**Study material:**
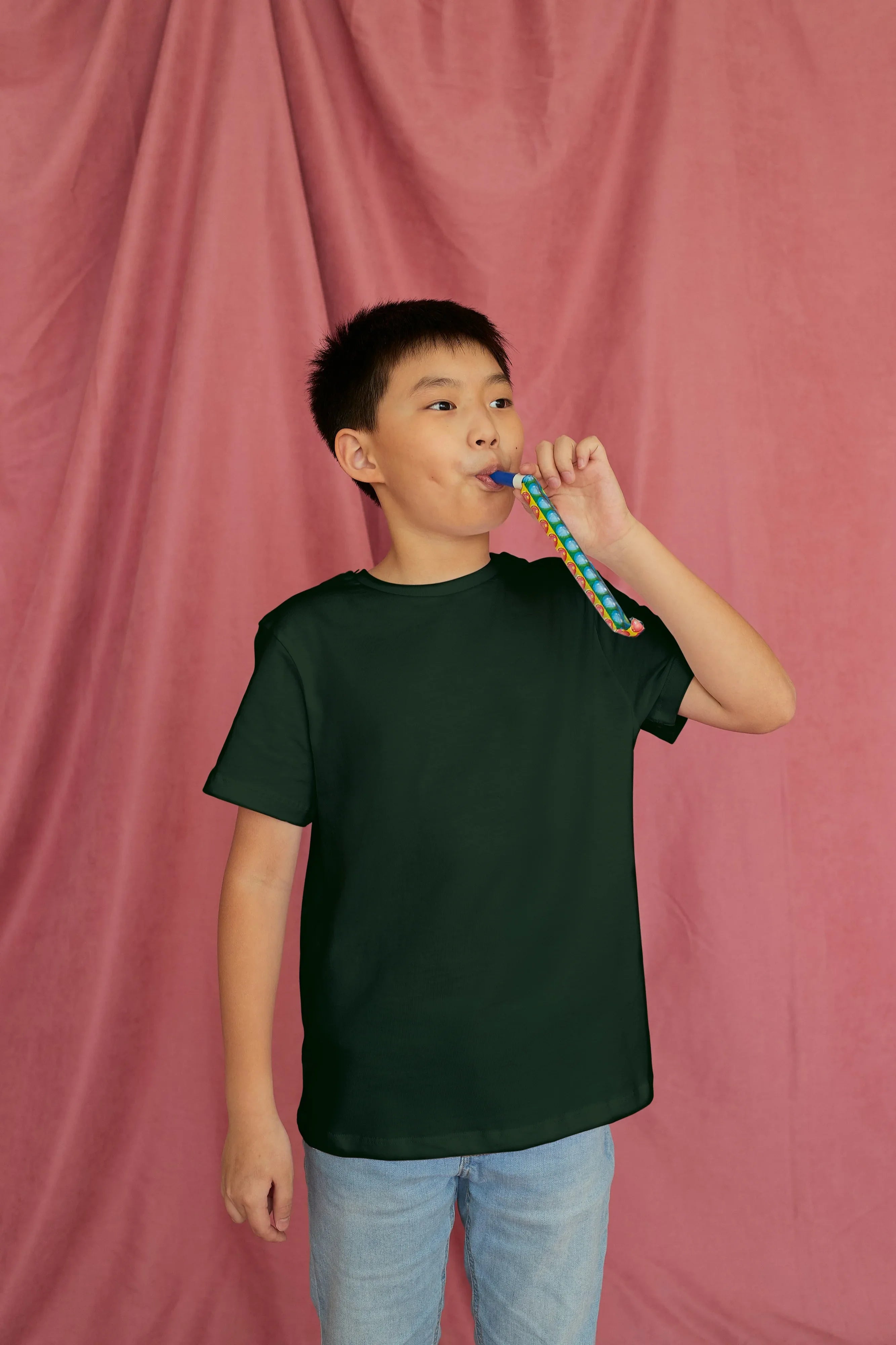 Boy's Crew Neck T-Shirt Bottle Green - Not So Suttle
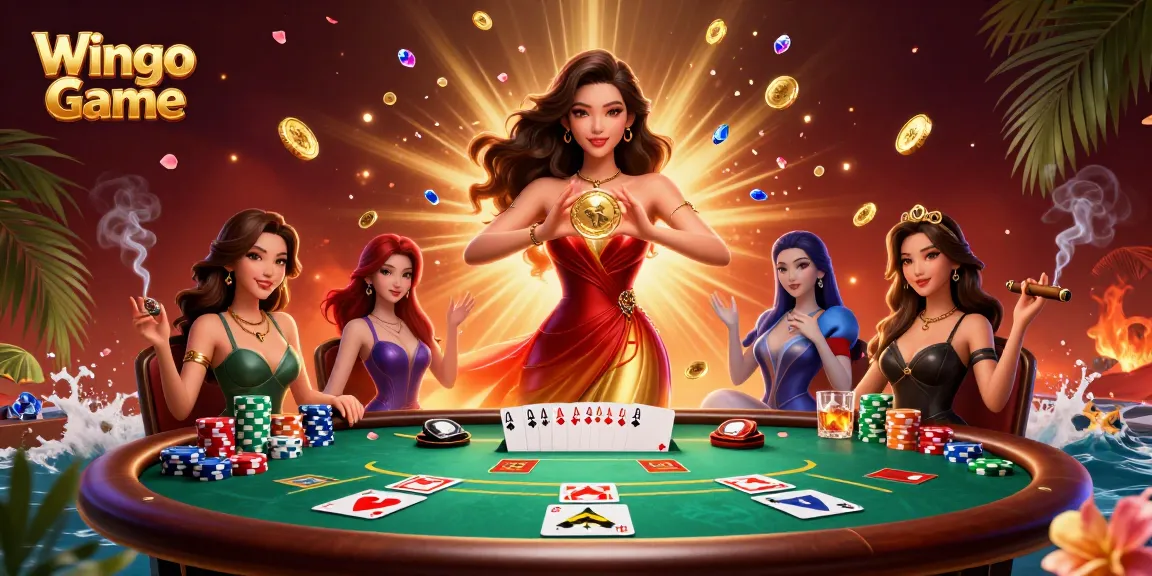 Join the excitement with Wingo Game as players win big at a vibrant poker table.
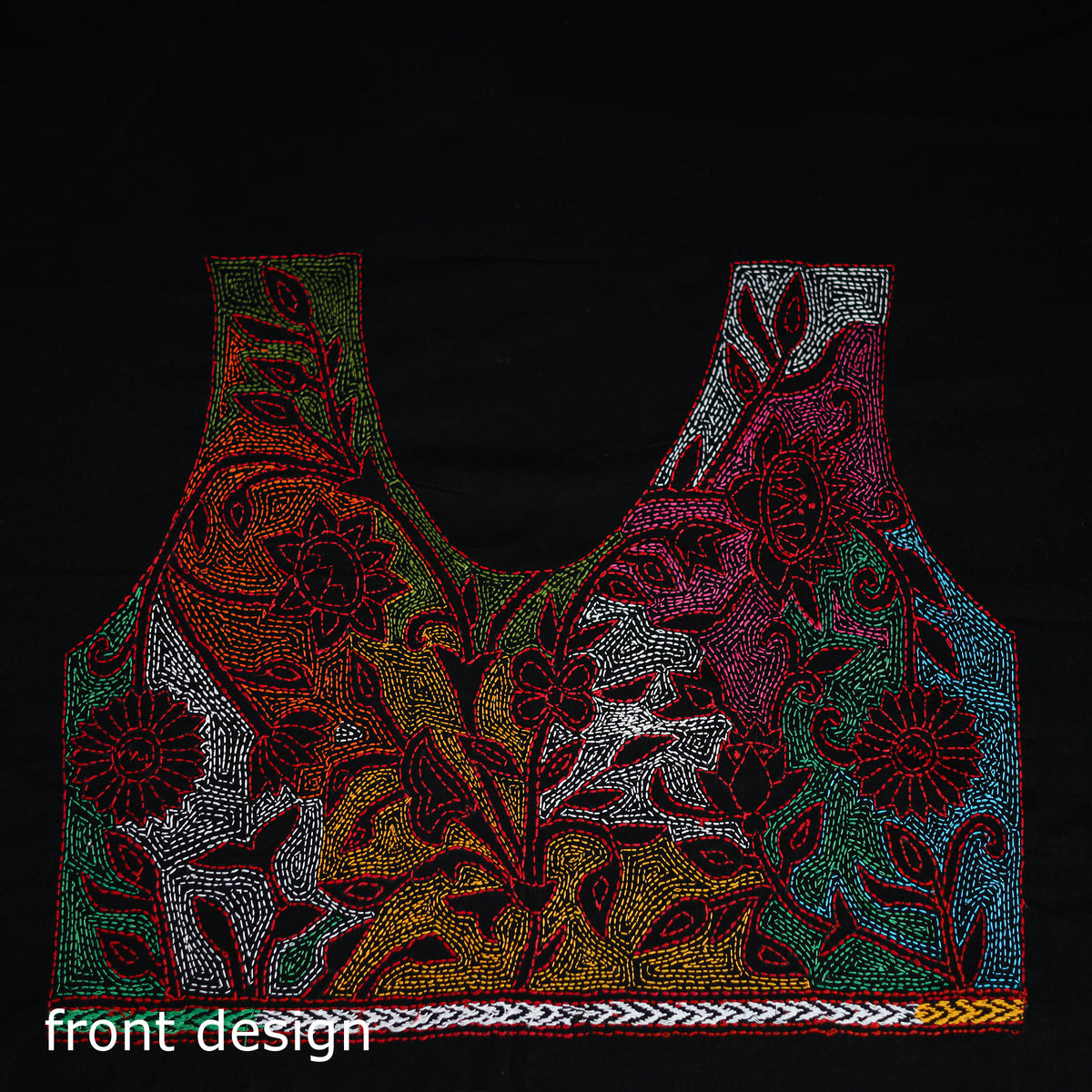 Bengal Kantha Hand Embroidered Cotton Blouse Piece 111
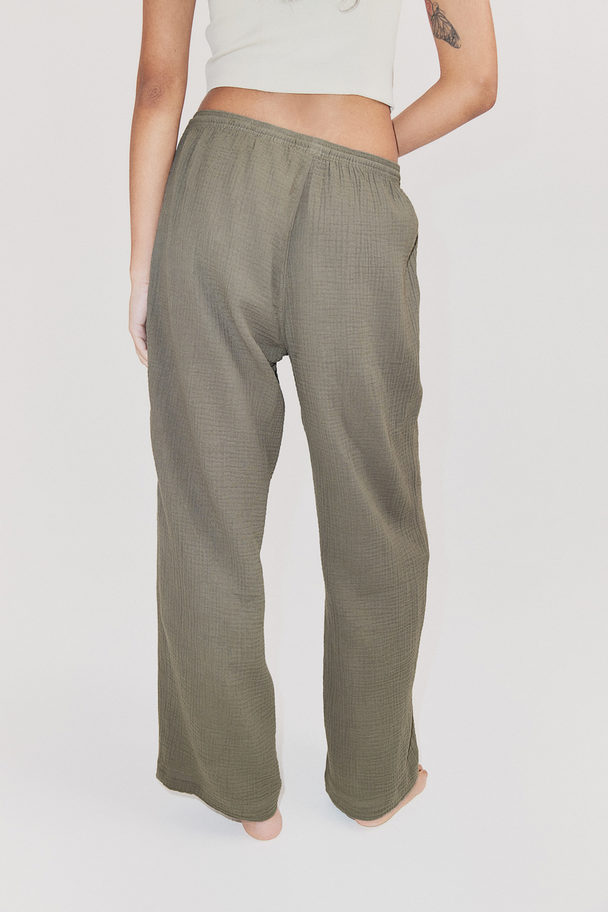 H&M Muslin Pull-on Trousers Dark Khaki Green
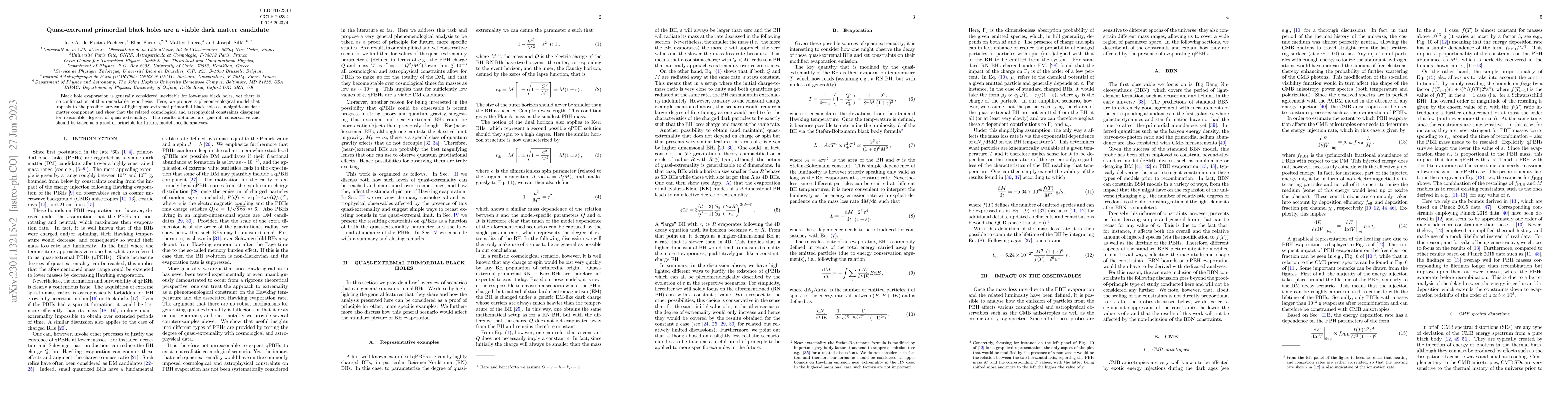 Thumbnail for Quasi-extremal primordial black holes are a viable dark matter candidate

==

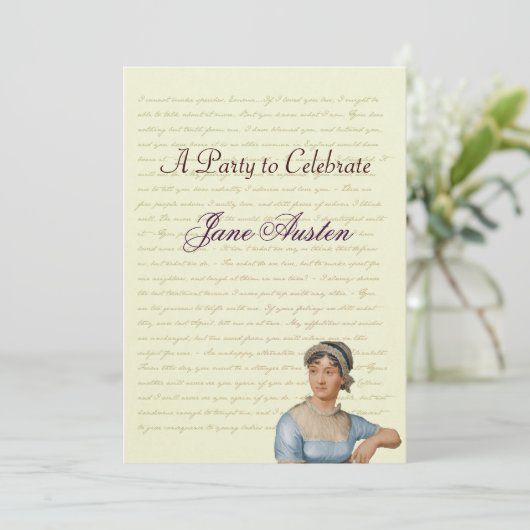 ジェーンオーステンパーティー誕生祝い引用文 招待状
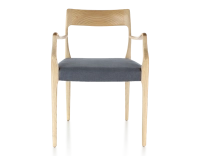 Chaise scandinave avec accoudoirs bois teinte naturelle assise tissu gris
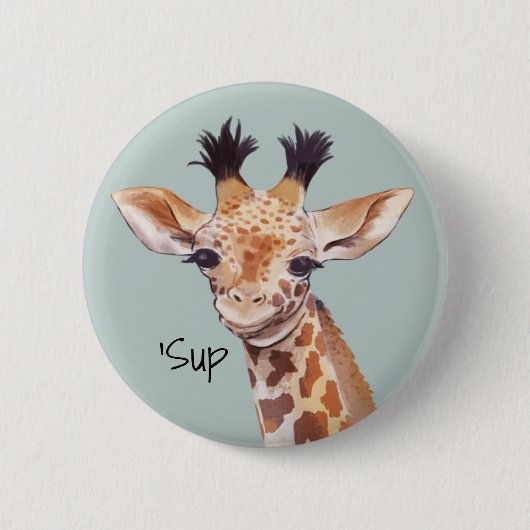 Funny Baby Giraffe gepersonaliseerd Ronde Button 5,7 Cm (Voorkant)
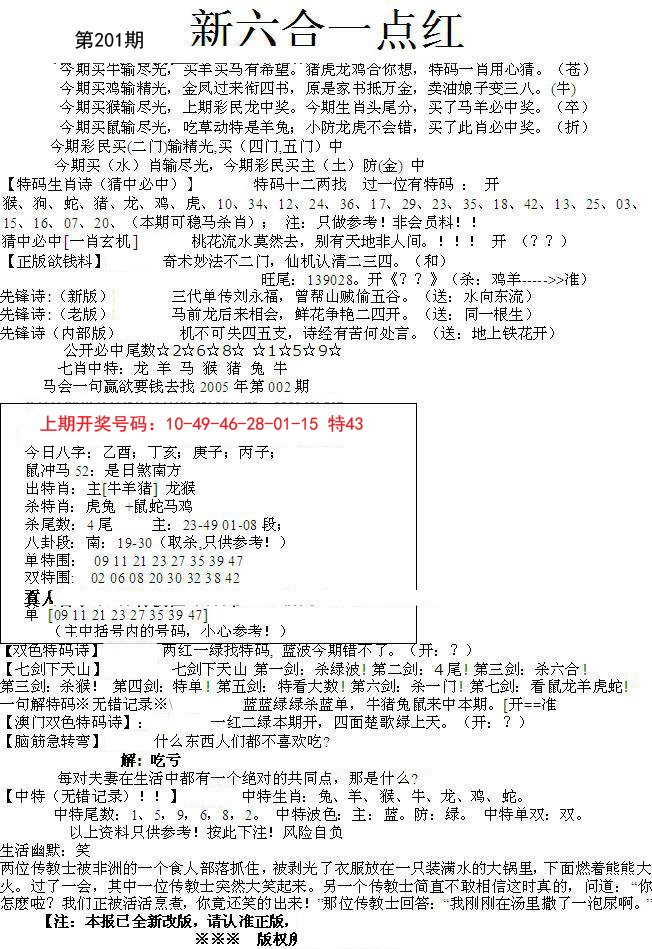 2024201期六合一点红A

**Task to complete:**
Take the material above from the line containing "H&M Muslin Pull-on Trousers Dark Khaki Green" up to and including the line containing "Thumbnail for Quasi-extremal" and retype it exactly, without any pictures.

**Answer to the problem:**
 H&M Muslin Pull-on Trousers Dark Khaki Green
 Thumbnail for Quasi-extremal primordial black holes are a viable dark matter candidate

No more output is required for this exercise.